Yes, we are still here. In Belize, until Thursday.
Getting to San Miguel de Allende with a little dog and six formidable suitcases in tow (still an estimate) will be quite a coup from my perspective. I turn out to be very good at perspective, while Rose is, in fact, even better at actually scheduling things like planes (2) transport vans (2), and hotels (1).
Meanwhile, I have been studying YouTube videos on how to lovingly coax your little dog into an even littler carrier. I just finished a 9-minute video in which the rather attractive woman spent seven of those minutes telling us, me, how lovely and obedient her own little Muffie is.
“There you are Muffie, you beautiful, beautiful little angel! Who’s mama’s little angel!?” And, you know? She had that way of drawing out the word “angel” into several extra syllables, covering three octaves in the upper register.
Muffie is an over-achieving little princess, in my book. My Moppit, former street dog and reality TV star of “Survivor for Dogs,” would whip her furry little ass.

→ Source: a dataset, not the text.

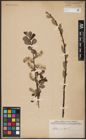 Foto von Salix aurita L.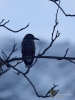 334_fotowilga~34.JPG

I’ve watched enough of these videos to grasp that achieving the successful bagging of a dog for carry-on requires lots of little treats and a cricket-like clicker that you press every time she makes a correct move. One “click!” when she is almost inside the bag. Two “clicks!” when she goes all the way in on her own and you only have to ask her once.
Moppit, of course, laughed all the way through this video. In dog talk, I think she said, “You’ll be hearing those crickets all night, before I go into that thing voluntarily, chicken bits or no chicken bits.” Then she snorted, as she does often when trying to communicate contempt.
See, my dog is far too smart for that. She’s nobody’s little Muffie. None the less, my stomach will be in a knot for the entire 2.5-hour flight to Mexico City. Which reminds me of something else I need to look up: airport doggie parks. The thought makes me nauseous: dogs flying in from all over the world to do their business on an ancient piece of astroturf decorated with a red plastic fireplug. Do I have that right?
All I know is that if Moppit does the wild thing on an airplane or in an airport, I am to be designated cleanup. I suppose I shall stock a hazmat suit, scented hygienic scrubbies, plastic bags, and canned apologies in my backpack.
Moppit knows something is up. I can tell by the way she stations herself by the front door and looks at me through those dark, accusing eyes.
“Don’t worry little girl, you will be going with us! I promise! Now, come get this nice little treat I put inside this nice carrier bag. Good girl.”